Have you ever wondered how the heck astronomers think we know anything about cosmology?

It’s a truly mind-blowing field of study, full of whacky concepts like the shape of empty space, the expansion of the universe, and dark energy. More than that, it takes on the lofty goal of telling the story of the whole universe, from beginning to end.

It’s totally natural to wonder if we can really be sure of our understanding.

If you’re a total newbie, this post is for you. I’ve deliberately tailored it so that you need very little background knowledge. It’ll help to have read some of my older posts on certain fundamentals (linked here where relevant), but you don’t need to.

We’re going to cover the four bedrock observations that give cosmologists confidence in our current understanding of the universe.

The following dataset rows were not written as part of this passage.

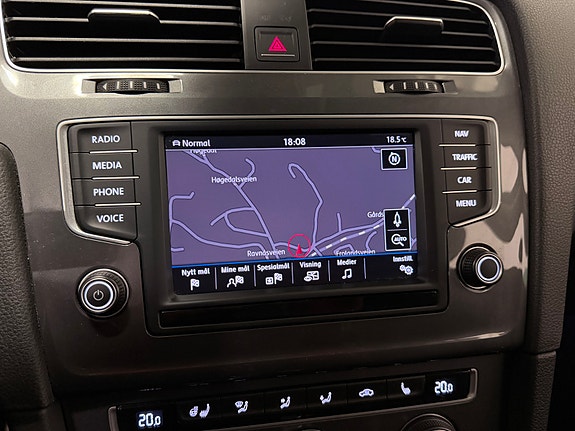 Volkswagen Golf Alltrack 26 of 30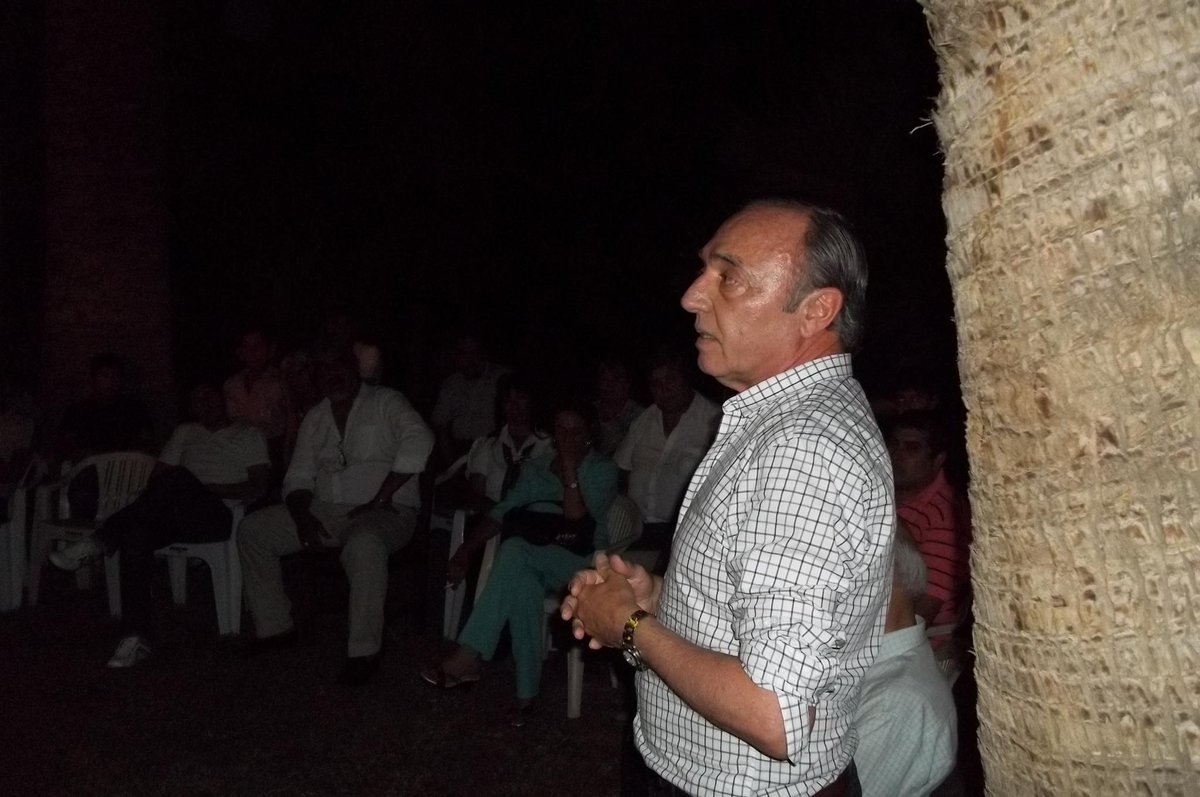 ✝️Se fue un defensor incondicional de nuestra Provincia. Desde la función pública o desde el ámbito privado, Luis Agost Carreño puso toda su energía para integrar a La Rioja al mundo. Se va un excelente docente y un reconocido vecino de la ciudad. Hasta siempre, Gallego querido!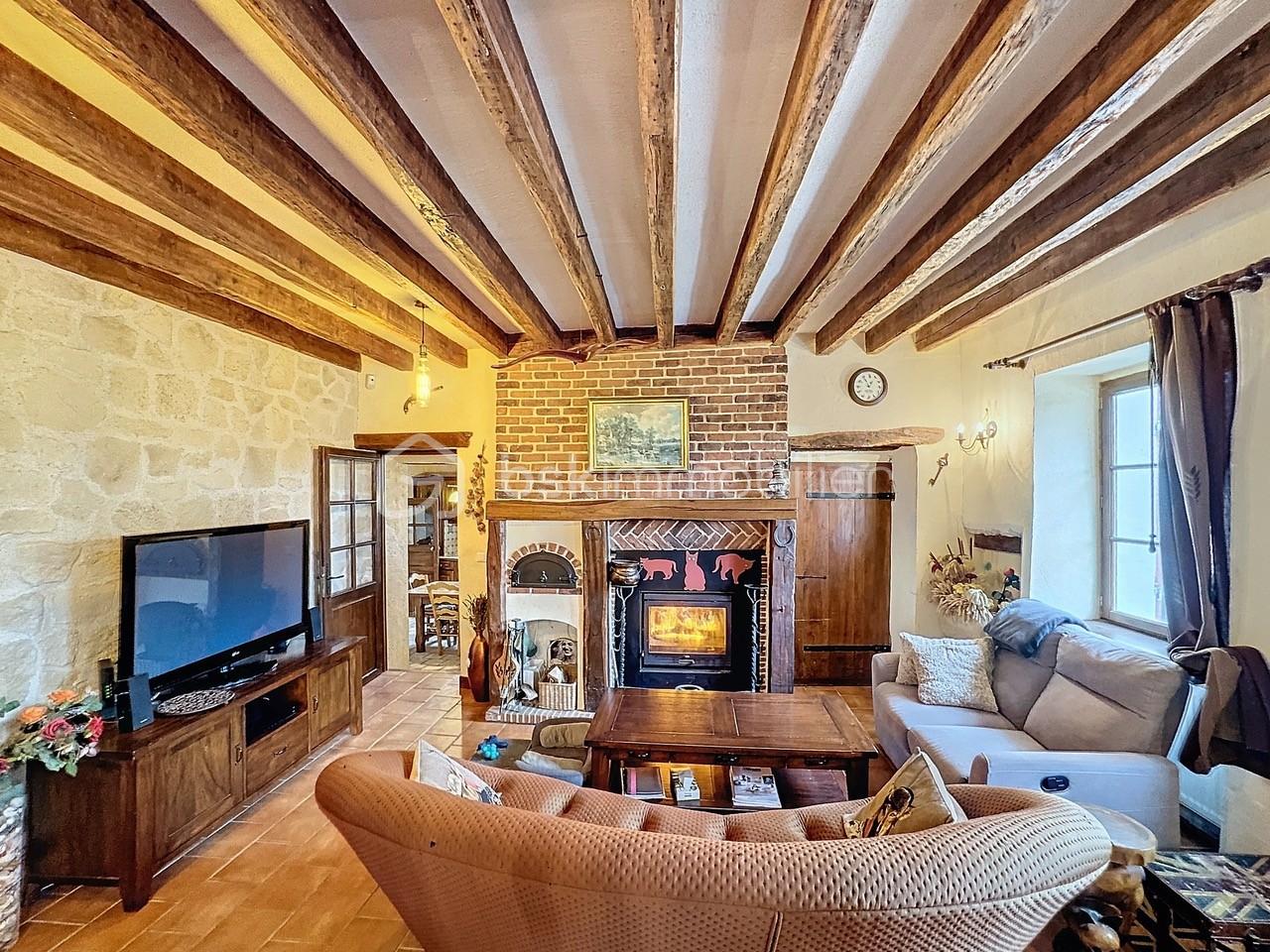 Maison de 221 m² - salon3.jpg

  1. Expanding Universe: the Hubble Law
  2. Big Bang: the Cosmic Microwave Background Radiation
    1. 1939
    2. 1948
    3. 1949
    4. Mid-1960s
    5. 1990
  3. Composition of the Early Universe: Stellar Compositions
  4. Dark Energy: Acceleration

Expanding Universe: the Hubble Law

The Hubble Law is a way to estimate the distance to any galaxy. But the key lies in how it works.

It uses redshift.

Redshift is a somewhat advanced concept, but what’s important for this post is that when an object is moving away from you, it will appear redder than its true color. The amount of redshift depends on the speed of “recession” (the speed it’s moving away from you).

In general, this is known as a Doppler shift. But Doppler shifts don’t explain these particular redshifts. These are cosmological redshifts.

(Note that you can’t tell what direction a star in the sky is moving just based on its color. I explain why here.)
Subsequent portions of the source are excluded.